L’article 6-1-2° de la LCEN a connu ces derniers mois une remarquable promotion qui a fait de lui le sujet le plus prisé des palais de justice et des cabinets d’avocats. Sans oublier l’intérêt des parlementaires et des lobbyistes. Une trop rapide ascension à la notoriété ne va jamais sans risques, ne serait-ce que celui d’altération : s’il est souvent cité, le fameux article 6 ne l’est pas toujours dans les mêmes termes, soit du fait d’une humaine défaillance de la mémoire, soit par désir plus ou moins conscient de produire une version favorable aux intérêts en jeu.
Il est évidemment de l’intérêt des plateformes d’échange de bénéficier du statut protecteur d’hébergeur, qui les exonère pour partie de leurs responsabilités. Les tribunaux ne sont pas toujours hostiles à cette analyse, sans renoncer pour autant tout à fait à la qualification d’éditeur. Question de circonstances, de rôle précisément joué par chacun dans chaque espèce, ce qui est tout à fait conforme à la mission du juge. Un malaise peut toutefois s’installer sournoisement lorsque figure dans une décision récente une citation tronquée.

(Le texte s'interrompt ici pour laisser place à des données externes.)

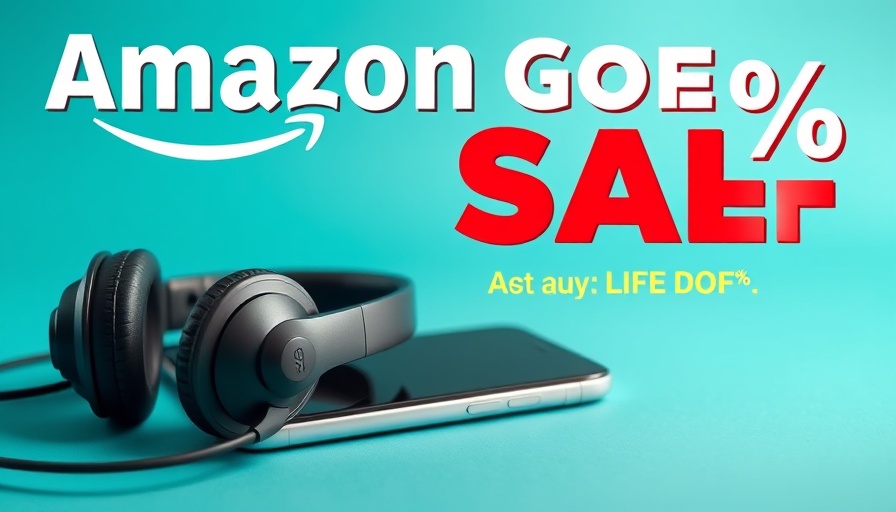 Vibrant promotional banner showing Amazon offer with smartphone and headphones.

Ainsi avons-nous pu lire, dans le jugement du 15 avril 2008 Lafesse / Dailymotion que : « L’article 6-1-2° définit les hébergeurs comme étant des personnes qui « mettent à la disposition du public par les services de communication au public en ligne, le stockage de signaux d’écrits, d’images, de son ou de messages de toute nature fournis par des destinataires de ces services« .

Alors qu’il aurait convenu de mentionner la version officielle de la loi :
« Les personnes physiques ou morales qui assurent, même à titre gratuit, pour mise à disposition du public par des services de communication au public en ligne, le stockage de signaux, d’écrits, d’images, de sons ou de messages de toute nature fournis par des destinataires de ces services« .

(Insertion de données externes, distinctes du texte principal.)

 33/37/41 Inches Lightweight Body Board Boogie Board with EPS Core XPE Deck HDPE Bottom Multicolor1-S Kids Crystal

Erreur matérielle figurant dans les conclusions de l’avocat et reprise accidentellement par le juge ? Approximation due à une insignifiante carence de mémoire ? La seule question qui vaille est : les deux phrases sont-elles vraiment synonymes ?

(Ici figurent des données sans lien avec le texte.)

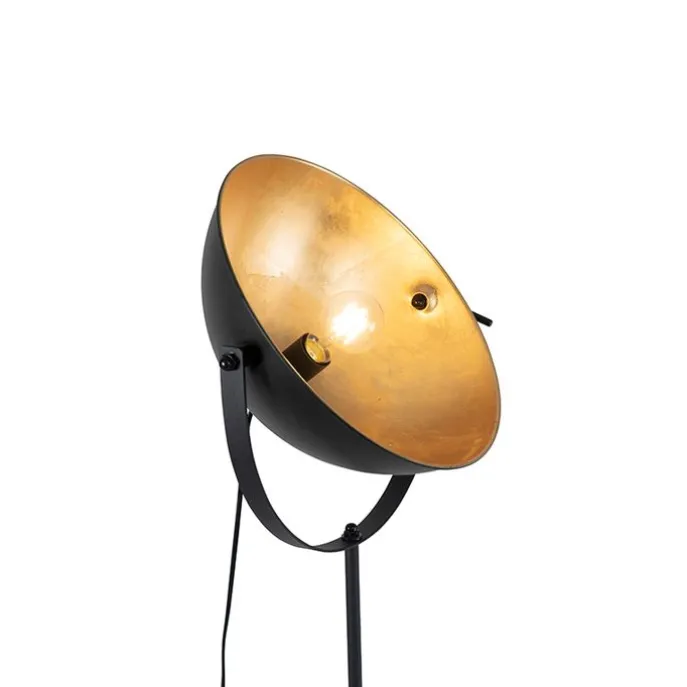 Stehlampe schwarz mit Gold 35 cm verstellbar - Magnax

La différence la plus flagrante tient à la disparition de la préposition « pour » dans la phrase figurant dans le jugement « Les hébergeurs … mettent à la disposition du public », tandis que la LCEN formule « pour mise à disposition du public ». La première phrase constate, la seconde indique un but proche ou lointain. Si le sens est celui du 1er adjectif, les deux phrases sont à peu près synonymes, mais ce n’est plus vrai s’il faut considérer la mise à disposition comme un objectif différé. Supprimer un mot polysémique comme « pour » (le Larousse lui reconnaît huit sens) n’est jamais anodin, surtout s’il s’agit d’un texte de loi dont le destin est de supporter des assauts aussi rudes que contradictoires.
Reprenons l’analyse logique de nos phrases en faisant apparaître dans chacune d’elles les groupes fonctionnels.
L’une et l’autre ont le même sujet implicite, les hébergeurs, mais ce mot n’est pas explicitement utilisé par la LCEN qui se contente de « les personnes physiques ou morales qui … ».
L’une et l’autre ont le même complément d’objet direct « le stockage » suivi de divers déterminants. Mais s’agit-il bien du même vocable ? On peut en douter du fait de la forte différence sémantique des deux verbes. Le texte du jugement dit que : « les hébergeurs mettent à la disposition du public le stockage …« . Ce stockage est une opération déjà réalisée et son résultat est communiqué au public.
En revanche, le texte de la LCEN pose que « … les personnes … assurent…le stockage…« . Ce sont ces personnes qui réalisent elle-même ce stockage. La version modifiée ne permet pas de savoir qui est l’auteur de l’action de stocker : serait-ce un « stockeur » ? Voici dont intervenir un nouvel acteur dans ce drame compliqué.
Il suffit de se souvenir que le stockage est d’abord une action, celle de stocker, et très éventuellement, le résultat de cette action (qui serait d’ailleurs plutôt un stock). Il est vrai qu’on n’exige plus depuis longtemps des gens de justice qu’ils maîtrisent finement la rhétorique. Mais la stricte rigueur grammaticale, voilà un adjuvant précieux en situation de contentieux.